[WORK ORDER] The records below hold a stretch from the line with "Bullet For My" through the line with "4107 Orleans Ave Map and Location Details"; return exactly those lines, ends included, and nothing more.

[THE DATA]
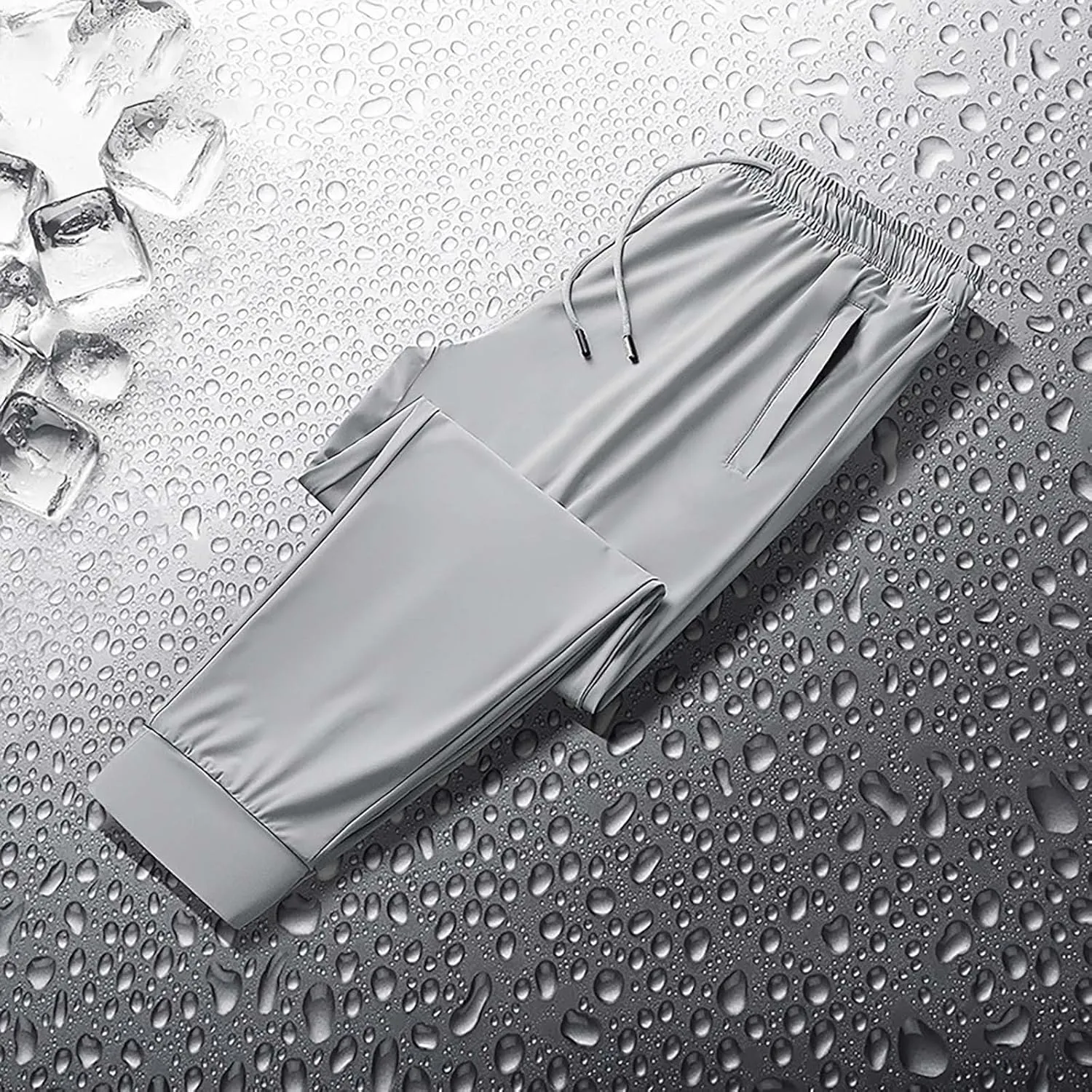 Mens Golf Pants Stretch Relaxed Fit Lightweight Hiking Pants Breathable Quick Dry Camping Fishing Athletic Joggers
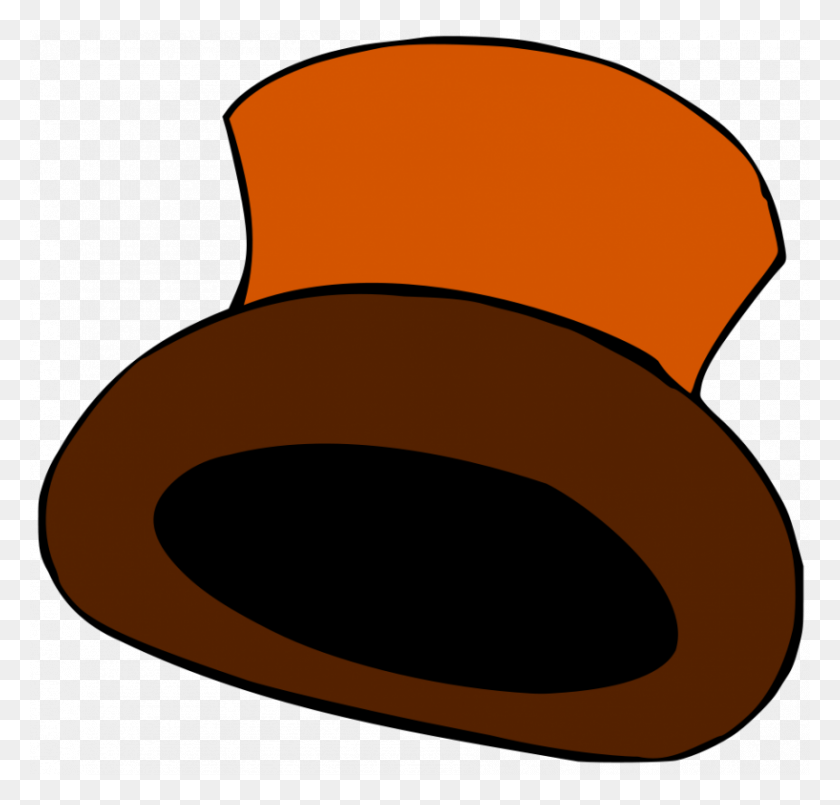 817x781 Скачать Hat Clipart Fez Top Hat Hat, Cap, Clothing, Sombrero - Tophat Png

--

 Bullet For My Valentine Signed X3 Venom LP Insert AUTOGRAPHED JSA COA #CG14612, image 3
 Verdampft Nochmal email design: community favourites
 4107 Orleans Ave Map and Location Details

---

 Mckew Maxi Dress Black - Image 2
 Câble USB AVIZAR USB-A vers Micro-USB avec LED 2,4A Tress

[RESULT BELOW]
 Bullet For My Valentine Signed X3 Venom LP Insert AUTOGRAPHED JSA COA #CG14612, image 3
 Verdampft Nochmal email design: community favourites
 4107 Orleans Ave Map and Location Details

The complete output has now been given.